A partir destas conceituações, Kozel (2012) acredita que as imagens artísticas se configuram enquanto linguagem capaz de refletir vivências, sentimentos e imaginações pautadas em um contexto sociocultural e estabelecem um diálogo importante na compreensão da cultura humana.

Todas as imagens são resultados do olhar de quem as cria e seus significados são consequências da interpretação dada pelo espectador. A imagem reitera aquilo que sentimos, ansiamos, imaginamos, sonhamos, vivemos, pensamos, escrevemos, discutimos. As obras de arte adquirem sentido enquanto uma forma de linguagem, à medida que se ancoram na experiência sensível dos indivíduos – e, toda linguagem reflete o homem e seu mundo.
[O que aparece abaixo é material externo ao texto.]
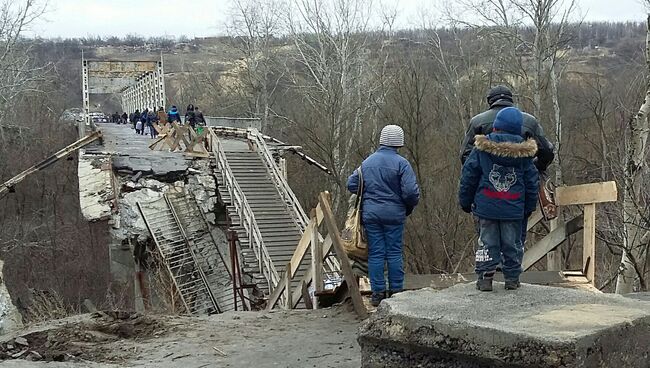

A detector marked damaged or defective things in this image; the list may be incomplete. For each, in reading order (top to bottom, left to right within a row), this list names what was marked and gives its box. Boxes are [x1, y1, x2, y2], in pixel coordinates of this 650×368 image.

damaged concrete [360, 284, 650, 366]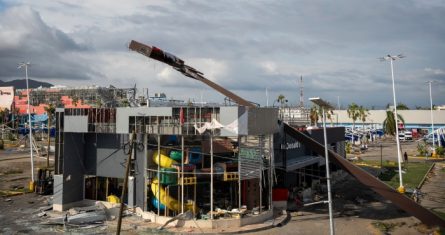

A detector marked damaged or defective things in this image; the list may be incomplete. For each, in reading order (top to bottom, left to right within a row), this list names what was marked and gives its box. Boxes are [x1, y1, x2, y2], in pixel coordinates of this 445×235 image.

bent light pole [18, 62, 34, 185]
bent light pole [308, 97, 332, 235]
bent light pole [380, 54, 404, 194]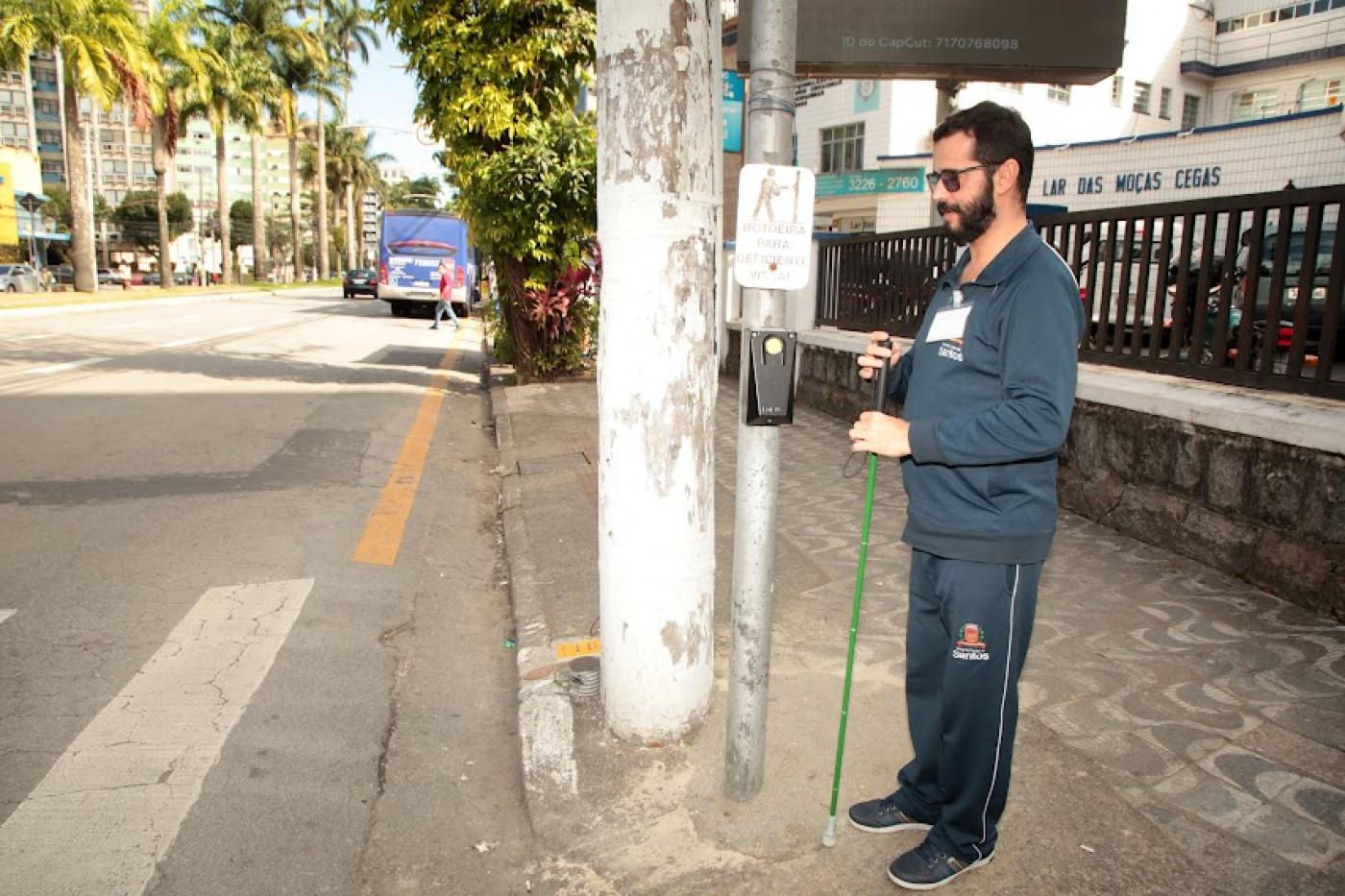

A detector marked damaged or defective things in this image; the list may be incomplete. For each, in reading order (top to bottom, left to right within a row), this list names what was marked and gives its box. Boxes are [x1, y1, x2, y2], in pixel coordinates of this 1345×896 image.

peeling paint on pole [602, 0, 726, 737]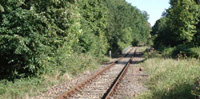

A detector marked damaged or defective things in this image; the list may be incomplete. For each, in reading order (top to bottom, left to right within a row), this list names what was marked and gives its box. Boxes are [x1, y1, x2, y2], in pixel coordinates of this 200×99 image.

rusty railroad track [56, 47, 137, 98]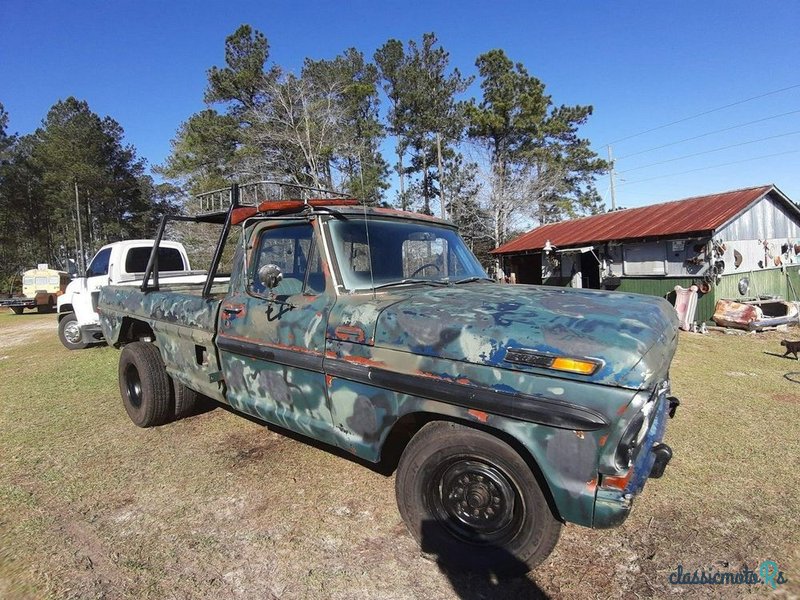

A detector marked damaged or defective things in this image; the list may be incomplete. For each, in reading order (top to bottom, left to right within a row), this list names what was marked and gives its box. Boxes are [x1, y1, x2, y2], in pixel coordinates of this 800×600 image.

rusty corrugated metal roof [490, 185, 780, 255]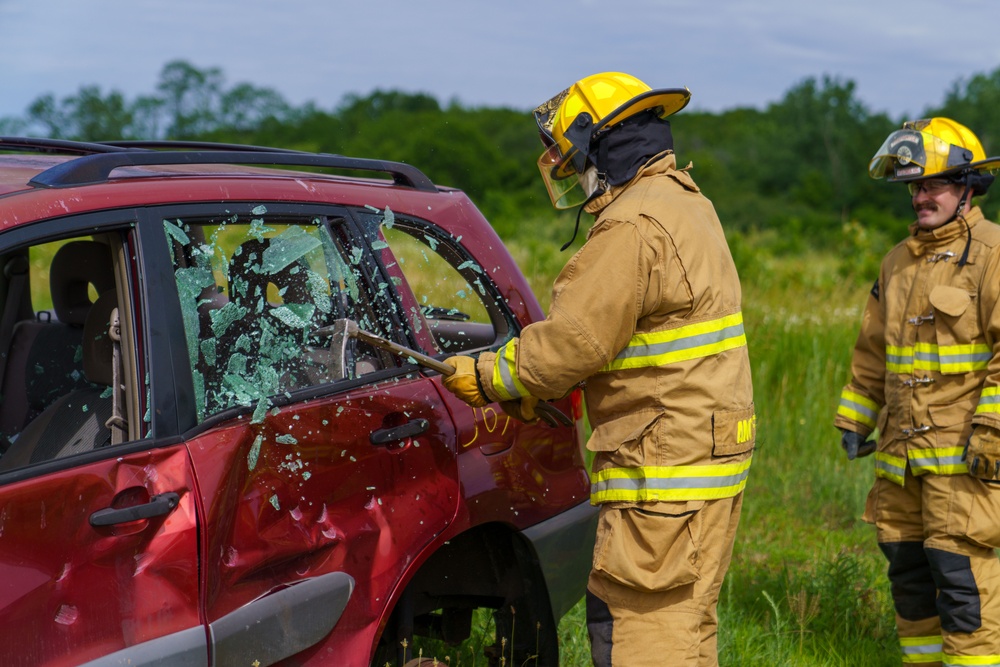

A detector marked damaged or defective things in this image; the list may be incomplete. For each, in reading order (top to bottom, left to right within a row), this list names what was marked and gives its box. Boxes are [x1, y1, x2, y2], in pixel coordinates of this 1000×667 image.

shattered car window [164, 211, 382, 422]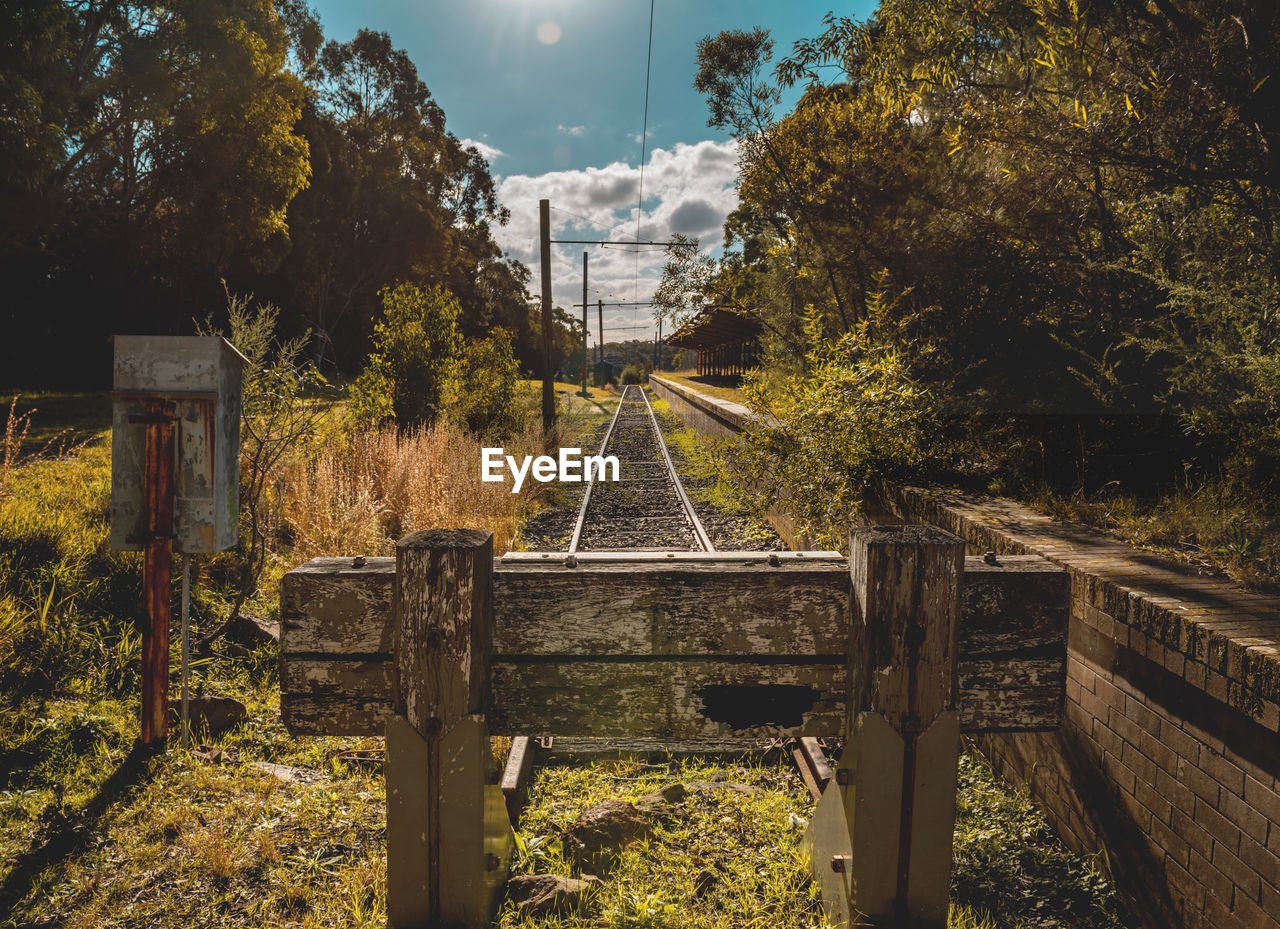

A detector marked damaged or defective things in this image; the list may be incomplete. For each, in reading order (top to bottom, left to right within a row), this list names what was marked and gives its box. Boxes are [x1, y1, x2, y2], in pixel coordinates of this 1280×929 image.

rusted metal post [136, 396, 175, 744]
rusty signal box [114, 334, 249, 552]
rusted metal post [388, 528, 508, 928]
rusted metal post [808, 524, 960, 924]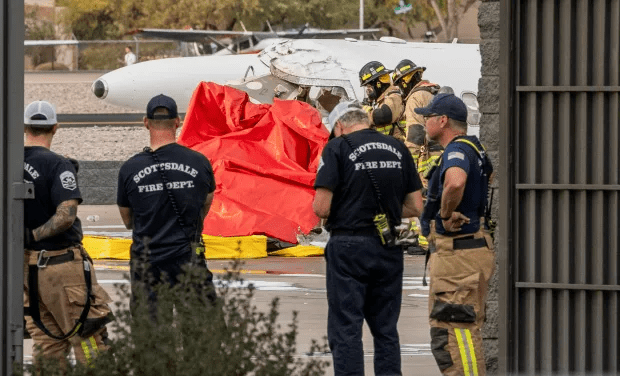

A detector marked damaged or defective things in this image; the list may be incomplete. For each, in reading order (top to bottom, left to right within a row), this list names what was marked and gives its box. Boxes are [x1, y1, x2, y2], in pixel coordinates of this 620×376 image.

damaged nose cone [91, 79, 108, 100]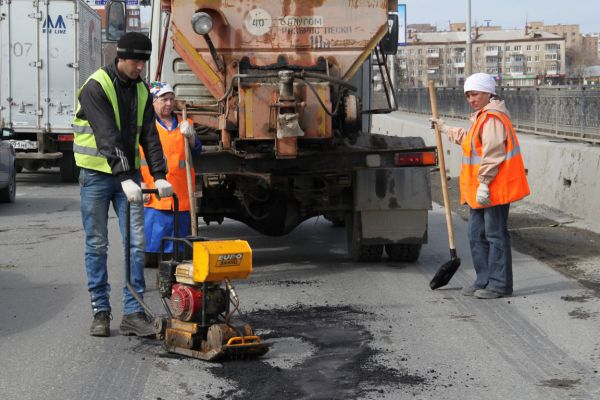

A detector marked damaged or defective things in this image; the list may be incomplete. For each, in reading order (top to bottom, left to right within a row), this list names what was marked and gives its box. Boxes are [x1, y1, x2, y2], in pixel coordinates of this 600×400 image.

rusty truck body [139, 0, 436, 262]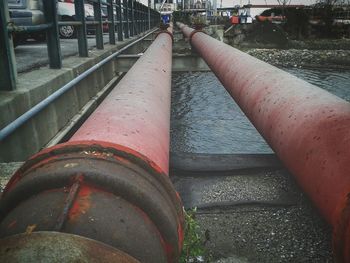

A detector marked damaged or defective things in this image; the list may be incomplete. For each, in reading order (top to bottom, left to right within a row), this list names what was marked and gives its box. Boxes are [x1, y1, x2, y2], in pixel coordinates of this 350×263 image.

rust stain [68, 186, 92, 223]
rusty pipe end [0, 143, 185, 262]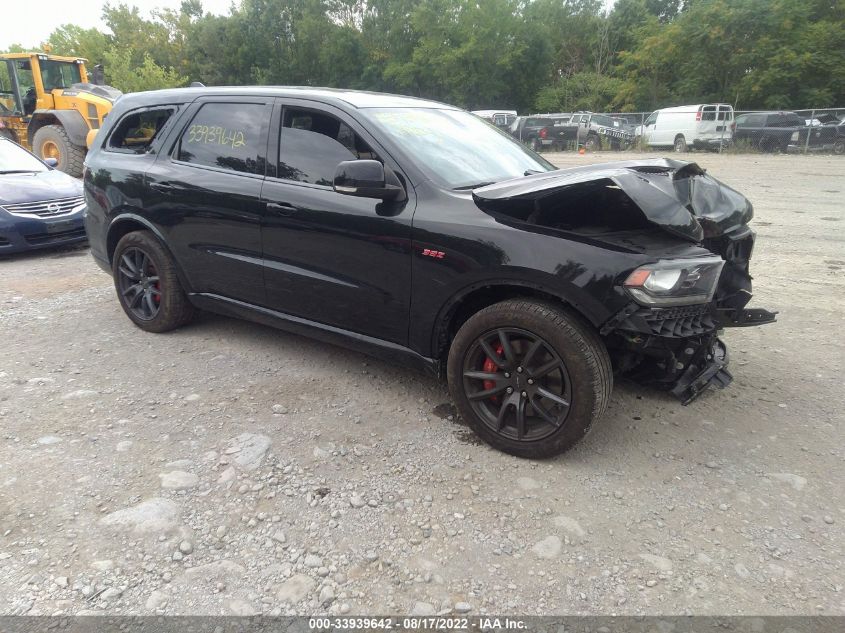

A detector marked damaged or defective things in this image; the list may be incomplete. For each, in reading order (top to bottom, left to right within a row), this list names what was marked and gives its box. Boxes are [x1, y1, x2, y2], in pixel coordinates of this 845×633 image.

crumpled hood [0, 169, 82, 206]
crumpled hood [472, 158, 756, 242]
damaged front end [472, 160, 776, 402]
broken headlight [620, 256, 724, 308]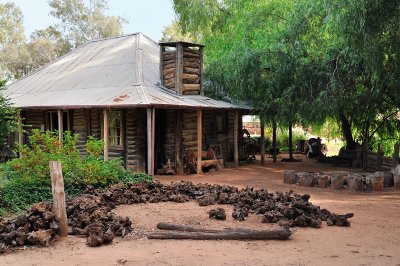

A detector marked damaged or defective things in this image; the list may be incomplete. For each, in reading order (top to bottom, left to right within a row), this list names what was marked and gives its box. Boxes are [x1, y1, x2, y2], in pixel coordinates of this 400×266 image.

rusty metal roof panel [3, 32, 250, 111]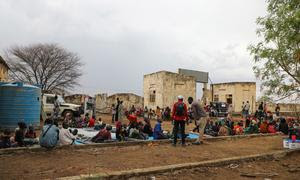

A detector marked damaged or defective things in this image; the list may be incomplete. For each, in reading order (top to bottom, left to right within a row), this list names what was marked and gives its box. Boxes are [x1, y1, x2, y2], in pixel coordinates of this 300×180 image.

damaged building [144, 70, 197, 109]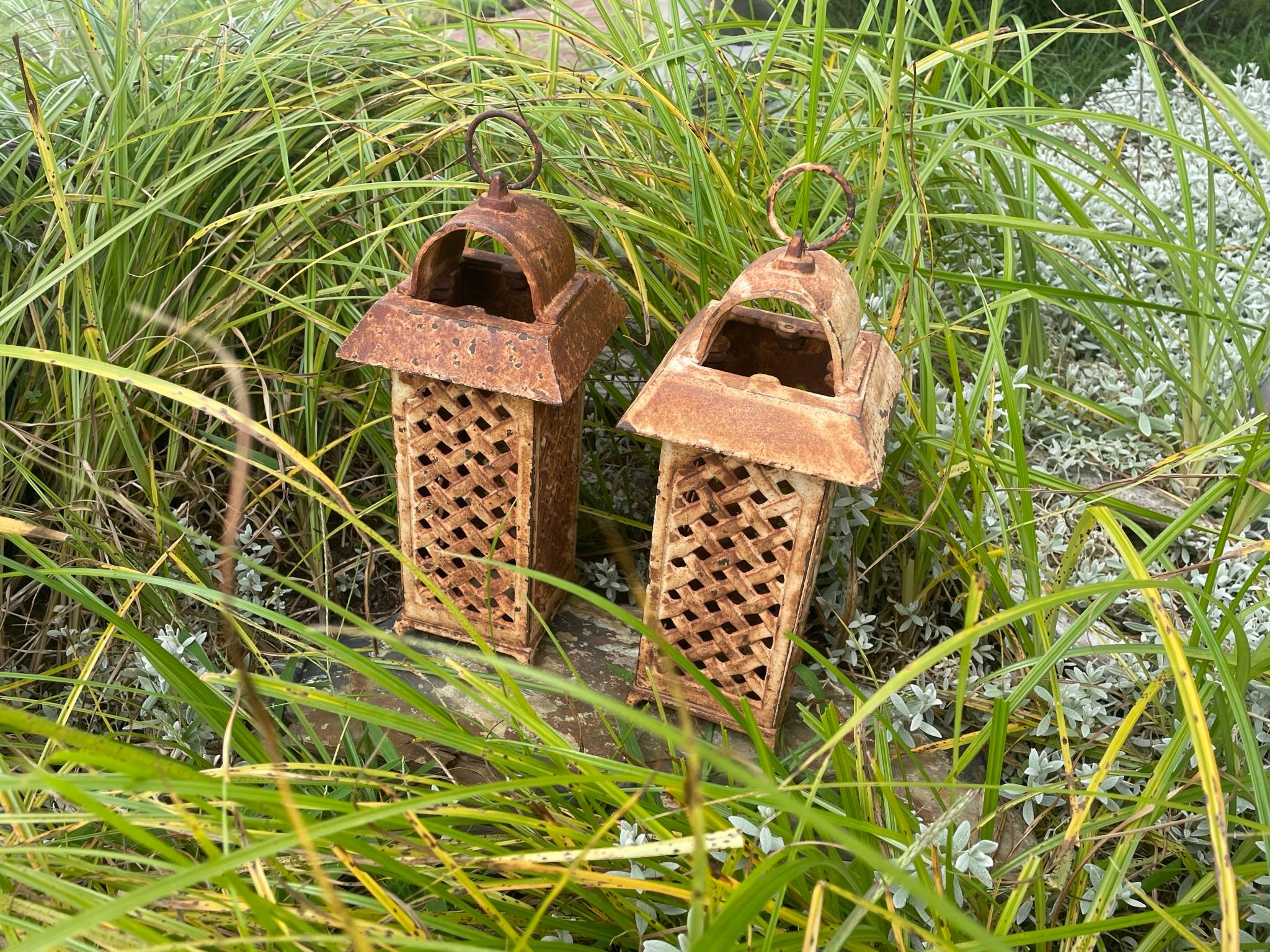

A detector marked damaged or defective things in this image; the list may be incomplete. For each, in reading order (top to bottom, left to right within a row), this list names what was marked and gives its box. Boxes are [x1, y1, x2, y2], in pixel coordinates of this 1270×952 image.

rusty metal lantern [340, 110, 628, 664]
rusty metal lantern [618, 164, 903, 739]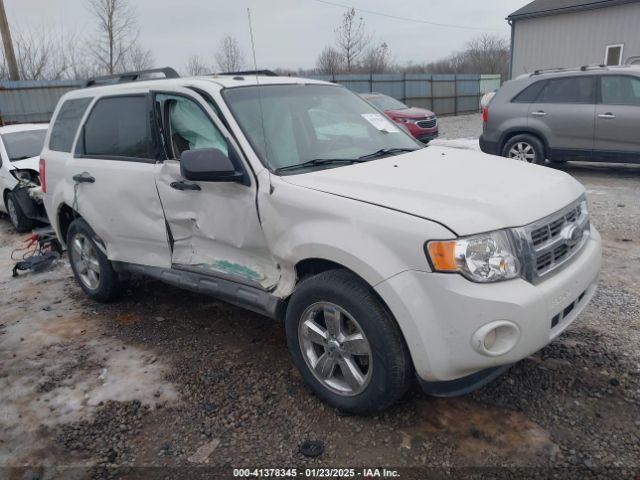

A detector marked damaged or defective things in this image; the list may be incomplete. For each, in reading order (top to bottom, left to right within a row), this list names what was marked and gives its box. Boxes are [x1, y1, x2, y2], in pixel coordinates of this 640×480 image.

dented rear door [152, 89, 280, 292]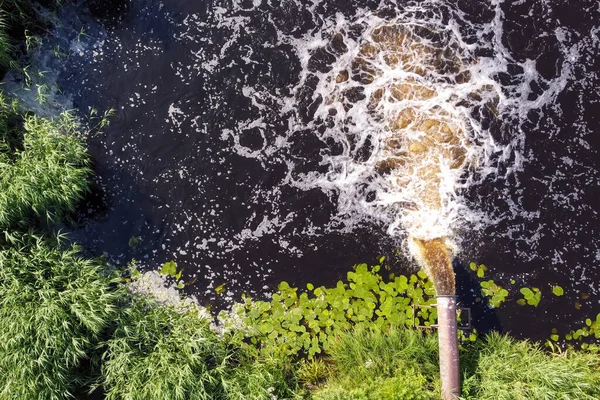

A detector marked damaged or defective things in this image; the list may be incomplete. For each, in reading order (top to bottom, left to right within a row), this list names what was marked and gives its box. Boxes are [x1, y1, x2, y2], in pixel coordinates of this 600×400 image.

rusty pipe outlet [436, 296, 460, 398]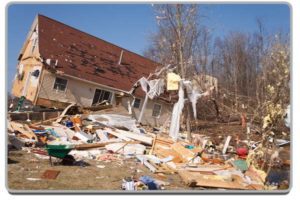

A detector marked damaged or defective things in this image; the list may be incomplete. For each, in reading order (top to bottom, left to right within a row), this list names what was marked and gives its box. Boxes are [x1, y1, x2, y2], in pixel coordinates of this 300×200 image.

damaged roof edge [17, 14, 39, 61]
damaged house [11, 14, 171, 126]
broken window [92, 88, 112, 105]
splintered lumber [115, 129, 152, 145]
splintered lumber [171, 142, 195, 162]
splintered lumber [178, 171, 248, 190]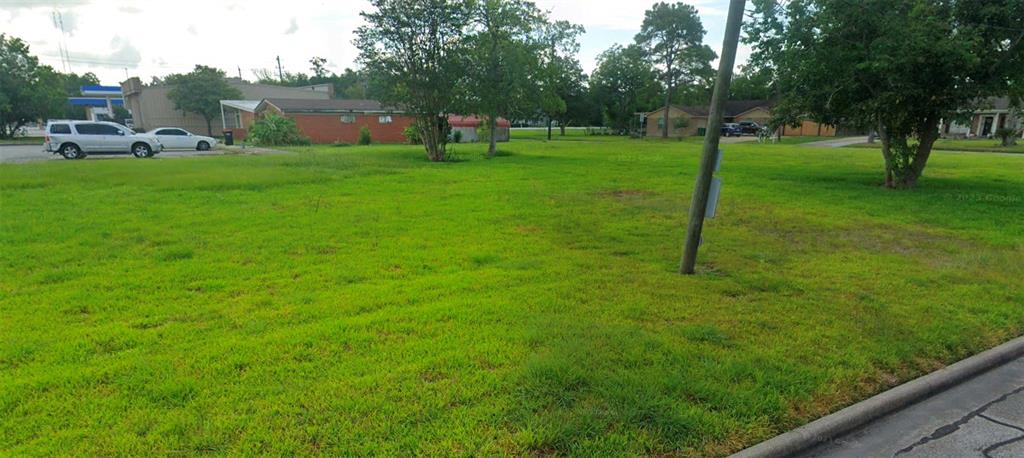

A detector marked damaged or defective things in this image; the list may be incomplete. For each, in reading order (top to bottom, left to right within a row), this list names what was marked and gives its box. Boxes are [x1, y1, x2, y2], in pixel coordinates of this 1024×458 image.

street pavement crack [897, 385, 1024, 456]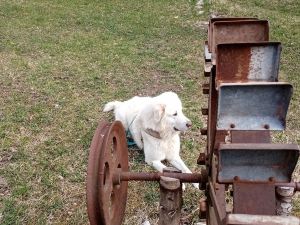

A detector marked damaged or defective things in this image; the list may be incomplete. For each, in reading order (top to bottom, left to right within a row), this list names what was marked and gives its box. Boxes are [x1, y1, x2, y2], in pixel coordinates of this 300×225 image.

rusty farm equipment [85, 16, 298, 224]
Tanto a arte quanto a geografia estão diretamente relacionadas o desenvolvimento sociocultural de cada sociedade em sua época e os refletem em suas visões e representações de mundo. (FERREIRA, S., 2009 apud KOZEL, 2012, p. 76).

Pela observação dos aspectos analisados, esta pesquisa desenvolveu-se em face das inúmeras possibilidades de investigações e conceitos apontados por esses autores. Tendo em vista o estudo de uma manifestação de religiosidade, buscou-se a compreensão das Companhias de Reis e do Menino Jesus de Carmo do Rio Claro (MG) considerando o diálogo com o lugar, com a memória dos sujeitos atreladas aos grupos, a sociedade local e poder público. Dessa forma, ciência e poética se entrecruzam com o objetivo de revelar significados históricos- simbólicos-embates-desafios presentes nas relações entre local-Companhias-sociedade-Poder Público.